双节点RAC各个节点主机频繁自动重启故障解决
[日期:2012-04-20]
来源:Linux社区
作者:ccz320
[字体:大 中 小]
5) /etc/sysconfig/o2cb 中心跳的超时阈值已经修改为了301秒,但idle的时间使用了缺省的30000毫秒
[root@Linux1 ~]# more /etc/sysconfig/o2cb
#
# This is a configuration file for automatic startup of the O2CB
# driver. It is generated by running /etc/init.d/o2cb configure.
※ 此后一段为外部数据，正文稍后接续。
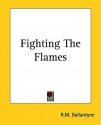 Fighting the Flames - R.M. Ballantyne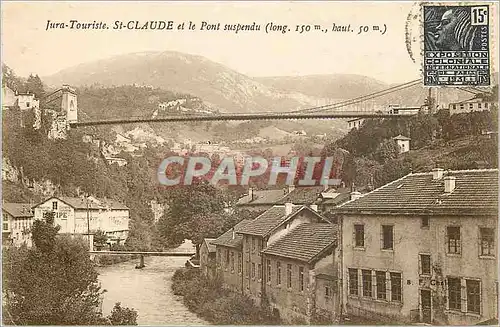 Ansichtskarte AK St Claude et le Pont suspendu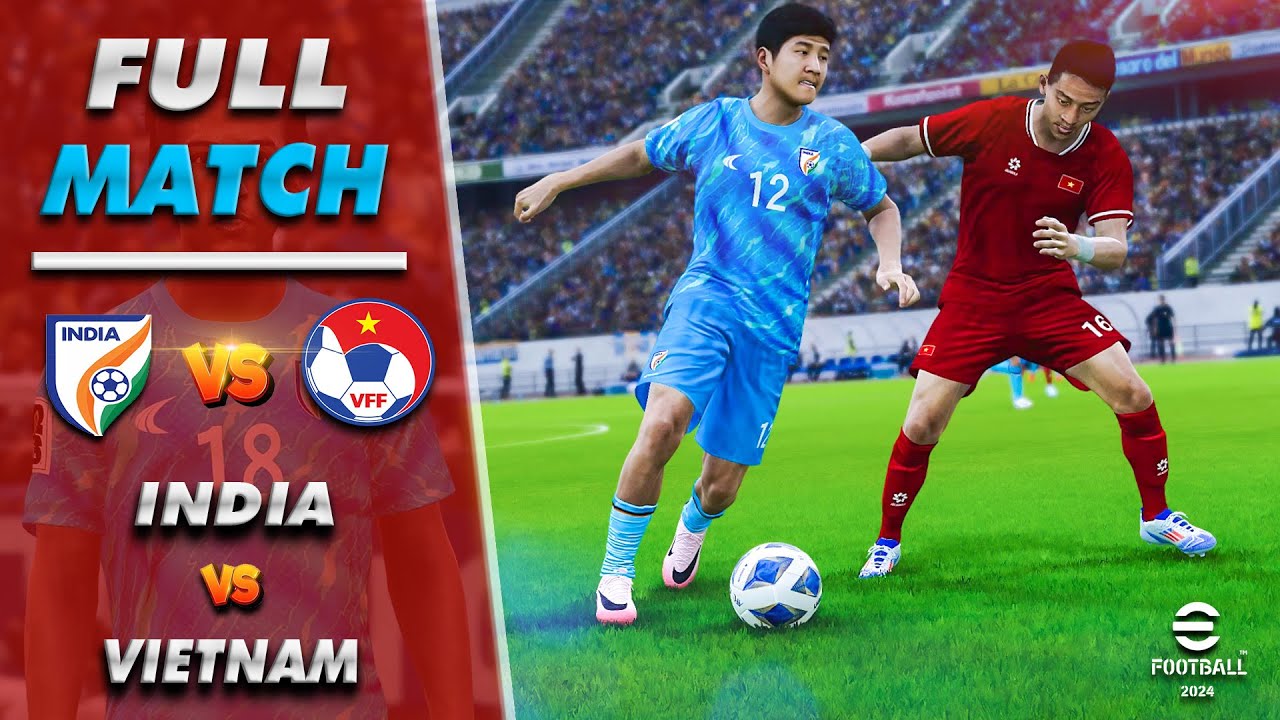 ⚡India vs. Vietnam : International Friendly Football Match 2024 | Full Match | Simulation PES 🔥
# On Debian based systems the preferred method is running
# 'dpkg-reconfigure ocfs2-tools'.
#
# O2CB_ENABLED: 'true' means to load the driver on boot.
O2CB_ENABLED=true
# O2CB_STACK: The name of the cluster stack backing O2CB.
O2CB_STACK=o2cb
# O2CB_BOOTCLUSTER: If not empty, the name of a cluster to start.
O2CB_BOOTCLUSTER=ocfs2
# O2CB_HEARTBEAT_THRESHOLD: Iterations before a node is considered dead.
O2CB_HEARTBEAT_THRESHOLD=301 /此处单位为秒
# O2CB_IDLE_TIMEOUT_MS: Time in ms before a network connection is considered dead.
O2CB_IDLE_TIMEOUT_MS=30000 /此处单位为毫秒,正式message中报的30秒
# O2CB_KEEPALIVE_DELAY_MS: Max time in ms before a keepalive packet is sent
O2CB_KEEPALIVE_DELAY_MS=2000 /此处单位为毫秒
# O2CB_RECONNECT_DELAY_MS: Min time in ms between connection attempts
O2CB_RECONNECT_DELAY_MS=2000 /此处单位为毫秒
6) 可能由于是在pc机中的vmware搭建的多个虚拟机进行的实验,系统负载较重,导致各个节点的idel时间较长引起,因此计划将/etc/init.d/o2cb进行重新配置,将network相关的配置翻倍:
[root@Linux1 ~]# /etc/init.d/o2cb configure
Configuring the O2CB driver.
This will configure the on-boot properties of the O2CB driver.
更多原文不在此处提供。